Korean Divorce Decree Translation for USCIS

A certified translation of a Korean divorce decree (이혼판결문 / 협의이혼의사확인서 (Divorce Judgment / Confirmation of Intent to Divorce)) for USCIS costs about $15–25 and is delivered in 24–48 hours, with a signed Certificate of Accuracy that meets 8 CFR 103.2(b)(3). Translation HelpDesk uses native Korean-speaking specialists, and if USCIS rejects our translation we fix it free and cover your resubmission fee.

Updated July 11, 2026 · Reviewed by Victor Luján, Founder — certified translations since 2018

WHAT WE TRANSLATE

The Korean Divorce Decree (이혼판결문 / 협의이혼의사확인서 (Divorce Judgment / Confirmation of Intent to Divorce))

Korea grants divorce two ways, and each yields a different paper. A 협의이혼 (divorce by agreement) is confirmed by the Family Court (가정법원) after a mandatory reflection period (숙려기간), producing a 협의이혼의사확인서 (Confirmation of Intention to Divorce). A contested 재판상 이혼 (judicial divorce) yields an 이혼판결문 (divorce judgment) from the Family Court. In both cases the divorce is then registered and appears as a marginal entry on the 혼인관계증명서(상세) (detailed Marriage Relationship Certificate) — which is what USCIS most often accepts to prove a prior marriage ended, rather than the court paper itself. When the actual judgment is required, we translate the court's caption, case (docket) number, presiding judge's name, and the confirmation/finality date. Dates follow Korean court formatting; names appear in Hangul and Hanja. Our translation reconciles the registration date on the family-register printout with the judgment date, romanizes names to the passport, and certifies the complete document — decree or certificate — to USCIS standards.

WHO ISSUES IT

Where Your Korean Divorce Decree Comes From

In South Korea, civil-status records come from the 가족관계등록부 (Family Relations Register), administered by the Supreme Court of Korea and issued through local Si/Gu/Eup/Myeon government offices. South Korea has been a party to the Hague Apostille Convention since 2007, so its public documents are authenticated with a single apostille — issued by the Ministry of Foreign Affairs / Overseas Koreans Agency for government-issued civil records and by the Ministry of Justice for court and notarized documents — rather than U.S. embassy consular legalization. Full South Korea apostille & authentication guidance →

USCIS REQUIREMENTS

How USCIS Wants Your Korean Divorce Decree Translated

For your Korean divorce decree, USCIS requires a complete English translation of everything on the page — the issuing office’s details, seals, and any marginal notes included — plus a signed certification of accuracy under 8 CFR 103.2(b)(3). Machine translation cannot sign that certification. We reproduce the document's exact layout so an officer can compare it line by line against your Korean original.

WATCH OUT FOR

Common Korean Divorce Decree Pitfalls

Korean divorce records must show an unambiguous dissolution date and the exact court or registry that granted it; a vague or mistranslated date can make USCIS question whether a prior marriage truly ended before a new one began.

Native Korean Specialist

A native speaker of your document's language handles it — not a generalist or a machine.
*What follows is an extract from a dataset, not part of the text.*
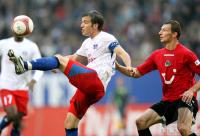 Fussball, 1. Bundesliga: Hamburg - Hannover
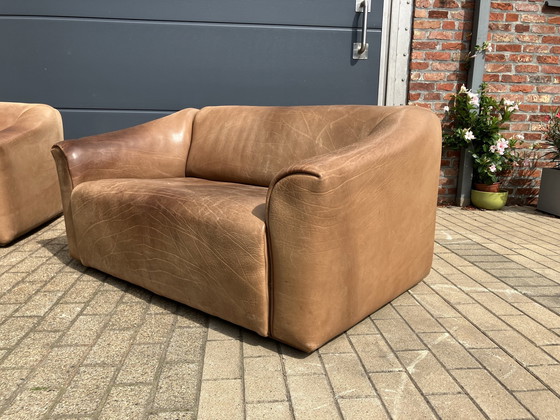 Image 1 of De Sede Ds47 3Seat And 2Seat Buffalo Leather 5Mm Neck Cognac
Format-Matched to the Original

The original layout, seals, and stamps reproduced in position.

USCIS Acceptance Guaranteed

If USCIS rejects it citing the translation, we fix it free and cover your resubmission fee.

FAQ

Frequently Asked Questions

How much does Korean divorce decree translation cost?

A standard Korean divorce decree is typically $15-25 total, certified and formatted, delivered in 24-48 hours. Pricing is $0.05 per word; longer or multi-page documents are quoted exactly before you pay.

Is your Korean divorce decree translation accepted by USCIS?

Yes. Every translation includes a signed Certificate of Accuracy meeting 8 CFR 103.2(b)(3). If USCIS rejects it citing the translation, we correct it free and reimburse your resubmission fee.

My older family records are handwritten in Chinese characters — can you still translate them?

Yes. Pre-2008 제적등본 (archived family register) records are often handwritten vertically in mixed Hangul and Hanja (Chinese characters), and names were historically recorded in Hanja. Our native-Korean specialists read these older scripts and romanize names consistently with the rest of your filing.